La bacchetta di un direttore d’orchestra è appesa a un albero. Oscilla nel vento a dirigere i rumori di ciò che la circonda: il traffico, le voci dei passanti, lo stormire delle fronde. All’esterno,
Conductor di
Kris Martin introduce alla mostra dello Spazio Oberdan, arrivata dall’ultima edizione del Festival di poesia di Watou, per cui è stata ideata, portandone traccia nelle poesie che l’accompagnano.
Il cambiamento di sede ha influenzato la fisionomia di un’esposizione pensata per spazi più ampi, sacrificando parte delle opere lì esposte, ma soprattutto compromettendo la godibilità di quelle presentate e, in parte, l’idea stessa che sottostà alla mostra. Se è vero che rumore e silenzio si coappartengono come facce di una stessa medaglia, allo stesso modo non possono coesistere che alternandosi, creando un ritmo di suoni e pause che devono essere percepibili. Purtroppo, la scelta di riunire in un’unica stanza otto video eterogenei ha fatto sì che le opere si contaminassero, rendendo faticosa o addirittura impossibile la piena fruizione dei momenti e degli intervalli sonori che le costituiscono.

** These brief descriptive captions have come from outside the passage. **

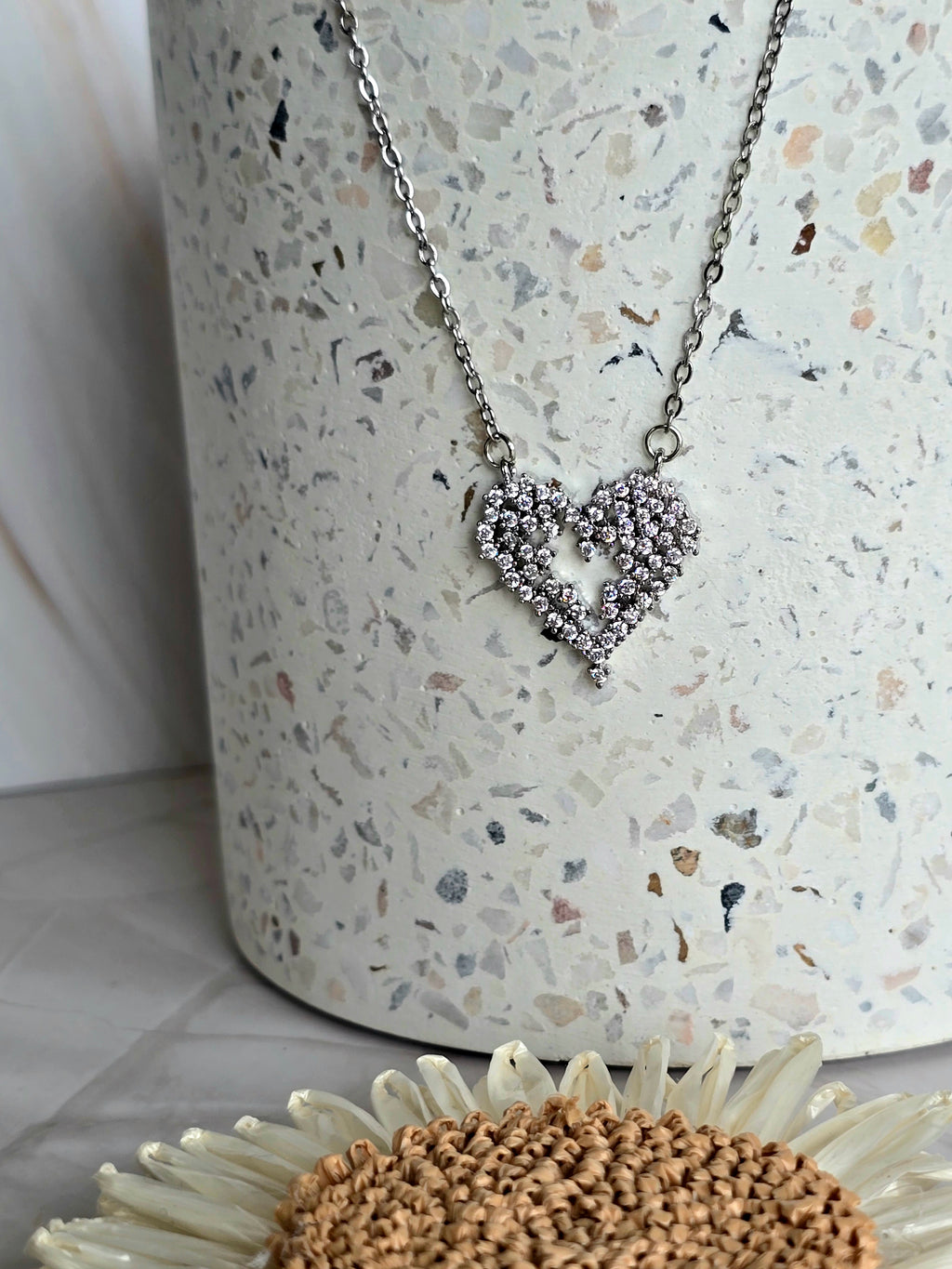 Silver Heart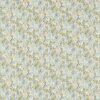 green botanical cotton fabric from Studio G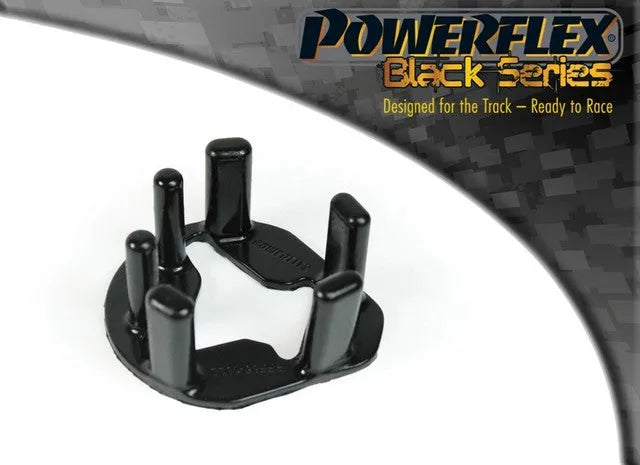 Powerflex Lower Engine Mount Insert for Seat Arona (2019-ON) in Black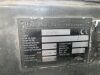 Lansing E30-600 Electric Fork Lift with Charger. - 14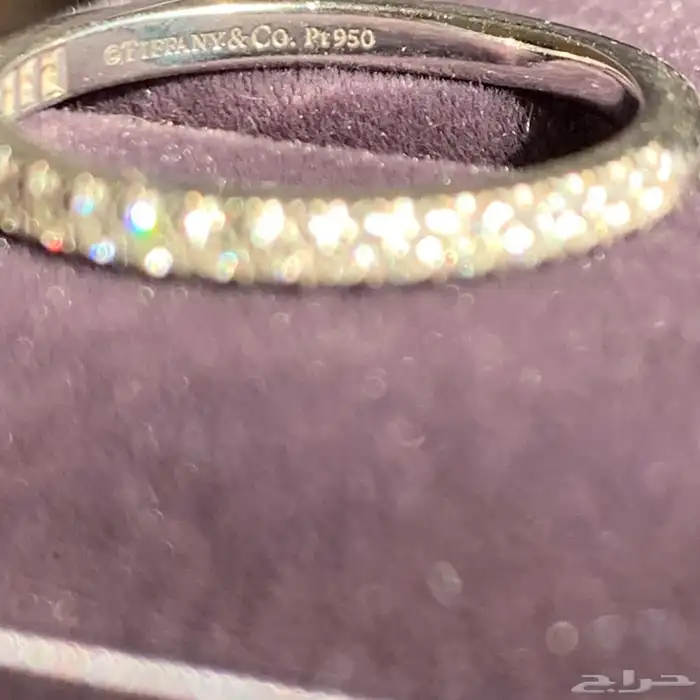 خاتم تيفاني Tiffany 5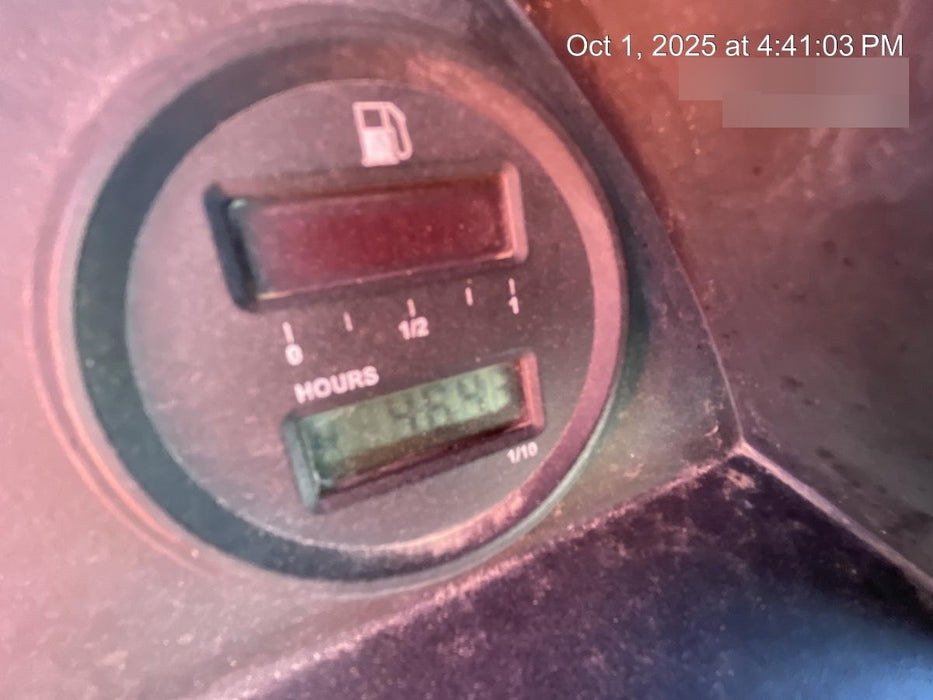 2023 Club Car CA1700D Canopy, Diesel, 4 Passenger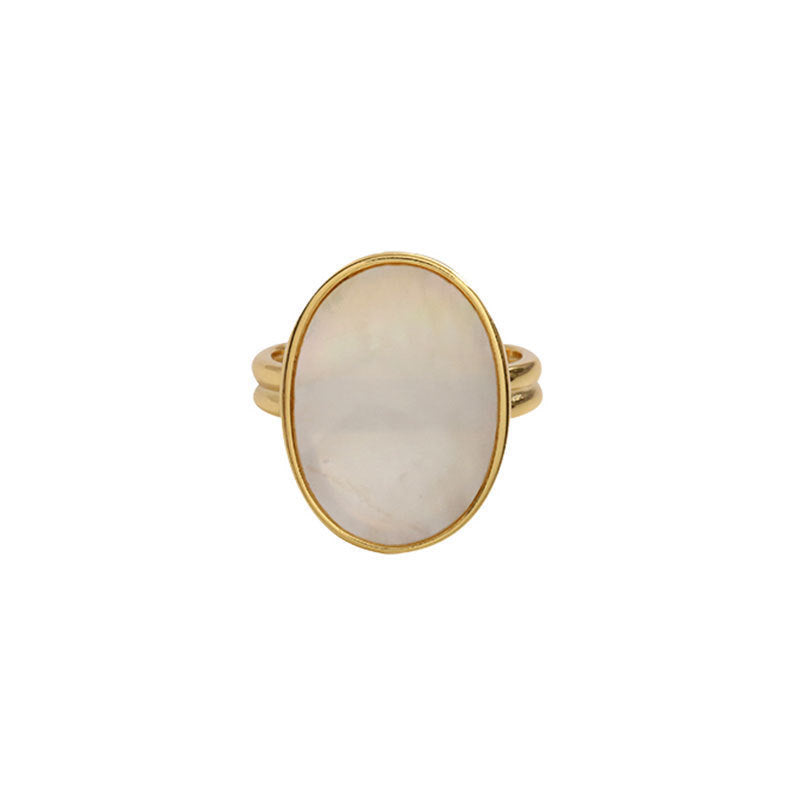 Rétro avec anneau d'ouverture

La mostra non segue un criterio filologico, ma sviluppa alcune suggestioni, rendendo un doveroso omaggio a due momenti artistici. Innanzitutto al Futurismo, con un pianoforte rivisitato secondo le istruzioni di
Filippo Tommaso Marinetti e l’immancabile
Luigi Russolo con il
Risveglio di una città. All’artista friulano e al suo manifesto
L’arte dei rumori sembrano collegarsi anche i tre video dedicati al mondo silenzioso della natura e degli animali, opposto a quello rumorosissimo della modernità.
A Fluxus il secondo omaggio, silenzioso come i tre pianoforti rielaborati e restituiti dalla dimensione di strumenti musicali a quella di oggetti scultorei. Il più eloquente è quello di
John Cage, rovesciato su una pila di tessuti con il titolo
Please Play, invito allo spettatore con riferimento alla celeberrima composizione
4’ 33’’.
Nel gioco delle suggestioni che struttura la mostra vengono articolati gruppi di opere che si rimandano come versioni mute o sonore di uno stesso motivo. Come il sorriso silenzioso dei cento re di
Diego Perrone e la fragorosa risata in omaggio a
Gino De Dominicis di
Lara Favaretto. O il linguaggio dei segni con cui
Jordan Wolfson traduce il finale del
Grande Dittatore e la commovente videoinstallazione di
Melik Ohanian, che fa parlare le mani di alcuni disoccupati armeni. Oppure, ancora, l’acqua scrosciante sulle parole a china di
Marcel Broodthaers, poi silente e immobile nelle boccette di
Joko Ono, ideale preludio al silenzio tombale e definitivo dell’ora blu di
Jan Fabre.
In generale, la mostra ha il pregio di riunire alcune opere di tutto rispetto e artisti di grosso calibro, ma non convince pienamente. Forse proprio a causa della struttura con cui è affrontato un tema così ampio. Perché la scelta di un percorso evocativo fatto di suggestioni può sì giustificare la mancanza di qualcosa, ma non è detto che sia in grado di far bastare quello che contiene.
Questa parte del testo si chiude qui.